Leserbrief
Im Reich der Zwecke...

«Wo sind die Grenzen des Wachstums?» und «Wem nützt das Zuger Wachstum?», «Zuger Zeitung» vom 8. Juli

Drucken

«Im Reich der Zwecke hat alles entweder einen Preis oder eine Würde.» Gleich mehrere Zeitungsartikel in diesen Tagen verweisen mich auf diese Worte Immanuel Kants. Eigentlicher Denkstachel aber war mir die Kolumne «Kindergeschrei» eines Theologen in der «Zuger Presse» vom 11. Juli. Darin wird erzählt, wie ein Klassenlehrer sich jeden morgen als Begrüssung vor seinen Knirpsen verneigte.

Motiv zu dieser Achtungsgeste sei, so wird da berichtet, die Möglichkeit, dass sich unter der Kinderschar vielleicht ein künftiger Professor, Arzt, Richter oder ähnlich erfolgreicher befinden könnte. Nein, Pfarrer kam in der Aufzählung leider nicht vor. All die potenziellen Loser und Versager in der Klasse – ja nu! In der «Chefsache» von Harry Ziegler, aber auch in Luzian Franzinis Nützlichkeitsfrage des Zuger Wachstums klingen Zweifel an der Dienlichkeit überdurchschnittlichen Erfolges an und zeugen von Voraussicht, einer für Politiker unerlässlichen Eigenschaft.
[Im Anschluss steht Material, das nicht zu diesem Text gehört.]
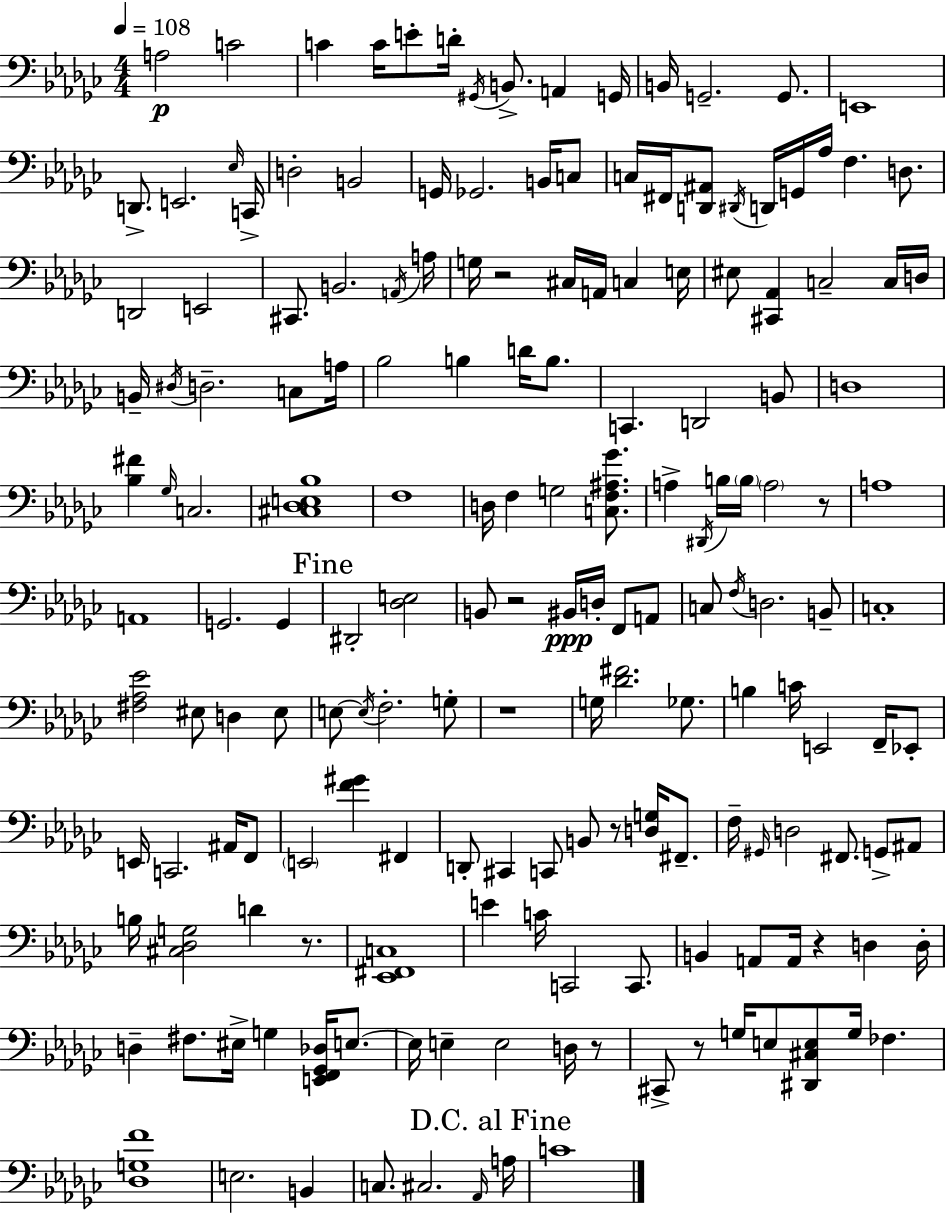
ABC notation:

X:1
T:Untitled
M:4/4
L:1/4
K:Ebm
A,2 C2 C C/4 E/2 D/4 ^G,,/4 B,,/2 A,, G,,/4 B,,/4 G,,2 G,,/2 E,,4 D,,/2 E,,2 _E,/4 C,,/4 D,2 B,,2 G,,/4 _G,,2 B,,/4 C,/2 C,/4 ^F,,/4 [D,,^A,,]/2 ^D,,/4 D,,/4 G,,/4 _A,/4 F, D,/2 D,,2 E,,2 ^C,,/2 B,,2 A,,/4 A,/4 G,/4 z2 ^C,/4 A,,/4 C, E,/4 ^E,/2 [^C,,_A,,] C,2 C,/4 D,/4 B,,/4 ^D,/4 D,2 C,/2 A,/4 _B,2 B, D/4 B,/2 C,, D,,2 B,,/2 D,4 [_B,^F] _G,/4 C,2 [^C,_D,E,_B,]4 F,4 D,/4 F, G,2 [C,F,^A,_G]/2 A, ^D,,/4 B,/4 B,/4 A,2 z/2 A,4 A,,4 G,,2 G,, ^D,,2 [_D,E,]2 B,,/2 z2 ^B,,/4 D,/4 F,,/2 A,,/2 C,/2 F,/4 D,2 B,,/2 C,4 [^F,_A,_E]2 ^E,/2 D, ^E,/2 E,/2 E,/4 F,2 G,/2 z4 G,/4 [_D^F]2 _G,/2 B, C/4 E,,2 F,,/4 _E,,/2 E,,/4 C,,2 ^A,,/4 F,,/2 E,,2 [F^G] ^F,, D,,/2 ^C,, C,,/2 B,,/2 z/2 [D,G,]/4 ^F,,/2 F,/4 ^G,,/4 D,2 ^F,,/2 G,,/2 ^A,,/2 B,/4 [^C,_D,G,]2 D z/2 [_E,,^F,,C,]4 E C/4 C,,2 C,,/2 B,, A,,/2 A,,/4 z D, D,/4 D, ^F,/2 ^E,/4 G, [E,,F,,_G,,_D,]/4 E,/2 E,/4 E, E,2 D,/4 z/2 ^C,,/2 z/2 G,/4 E,/2 [^D,,^C,E,]/2 G,/4 _F, [_D,G,F]4 E,2 B,, C,/2 ^C,2 _A,,/4 A,/4 C4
Im Reich der Zwecke, und mit deren Optik ausgestattet, ist es einsichtig, dass allein die materiellen Negativaspekte von Erfolg gesehen werden, wie Wohnungsnot oder Infrastruktur-Überforderungen, eben «Preise», die wir für den Erfolg zu entrichten haben. Von den immateriellen Nachteilen einer Monokultur von Erfolgreichen, mit ihrer arroganten Durchsetzungsmentalität, dem «Aussen hui und innen pfui», ist nicht die Rede. Negative Folgen mentaler Art erscheinen in keiner Statistik, es sei denn in der Statistik steigenden Kokainkonsums («Zuger Zeitung» vom 13. Juli), psychischer Erkrankungen, Suizidraten und anderen Krankheitserscheinungen.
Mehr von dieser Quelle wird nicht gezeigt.